介護職に従事するならば、言語はきちんとできておかなければならない。これはハッキリ断言できます。
かたや一方、言語だけが全てではない、とも思います。
私がそう感じたのは、耳の聞こえない利用者の方と接した時です。
とあるグループで、よく介助させていただいていた方は、耳がまったく聞こえず手話も理解できない方でした。なので、コミュニケーションは身振り手振り。
ほのぼののオープンな方で、私の事も受け入れてくださいました。
私もその方となんとかコミュニケーションを取ろうとしっかり向き合ったのが相手に通じたのかなと思います。
こういった非言語コミュニケーションは、介護において非常に重要です。
表情、声のトーン、ポンと肩を叩く、など、言葉の内容以外からの内容で相手に何かを伝える事は可能です。コミュニケーションで相手に伝える事ができる情報は、非言語的コミュニケーションが優先的に相手に伝わるそうです。
利用者の方は、難しい言葉の内容が理解できない方が多いので、このような非言語的コミュニケーションから何かを読み取っている方は数多くいます。
私の場合、前職で重症心身障害者の方とよく接していたので、むしろこのような非言語的コミュニケーションには慣れていました。
それもあって、Mosaikの利用者さんとも馴染むのが早かったのかもしれません。
なので、利用者さんとの関係作りにおいては、言語が全てではない。
言語を超えた何かが確かに存在する!と私は確信しています。
生活習慣の違いも少し私を戸惑わせた要因でした。
Mosaikでは朝ごはん、お昼ご飯はみんなで食べるのですが、私は自分の食事が終わって何かできる片づけをしようと席を立つとスタッフからそれを注意されました。

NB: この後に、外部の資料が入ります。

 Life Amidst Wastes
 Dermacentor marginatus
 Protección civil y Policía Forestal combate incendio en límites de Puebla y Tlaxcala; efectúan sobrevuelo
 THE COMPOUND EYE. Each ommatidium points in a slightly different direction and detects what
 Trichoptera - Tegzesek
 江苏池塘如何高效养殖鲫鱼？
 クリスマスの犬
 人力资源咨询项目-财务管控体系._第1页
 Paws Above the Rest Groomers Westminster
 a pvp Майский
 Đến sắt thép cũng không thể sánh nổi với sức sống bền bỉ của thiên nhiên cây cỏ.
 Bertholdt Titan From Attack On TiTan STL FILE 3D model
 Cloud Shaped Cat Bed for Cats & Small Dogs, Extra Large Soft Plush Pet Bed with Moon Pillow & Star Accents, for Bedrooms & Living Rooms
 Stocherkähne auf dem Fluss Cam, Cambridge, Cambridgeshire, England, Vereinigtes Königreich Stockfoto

でも、確かにみんなで食卓を囲んでいるのに誰かが急にせかせか動き出すと食べてる人は落ち着かないし、利用者さんにとっても良い見本じゃないよなと後で思いました。
皆で食卓を囲む事を大切にする文化がそこにはありました。
日本では真逆でした。日中忙しすぎて、スタッフは食事を済ませた側からサッサと動き始める。いつまでも座っていたらチクリと注意される…そんな職場文化で育ったので、食後サッと動いて片づける習慣が身に付いていました。
更に言えば、女性にそんな役割を求める文化が日本にはまだまだ根深く存在している、とも思います。欧米圏では家事は男女平等負担が基本です。だから食洗機が多くの一般家庭で当たり前に普及している。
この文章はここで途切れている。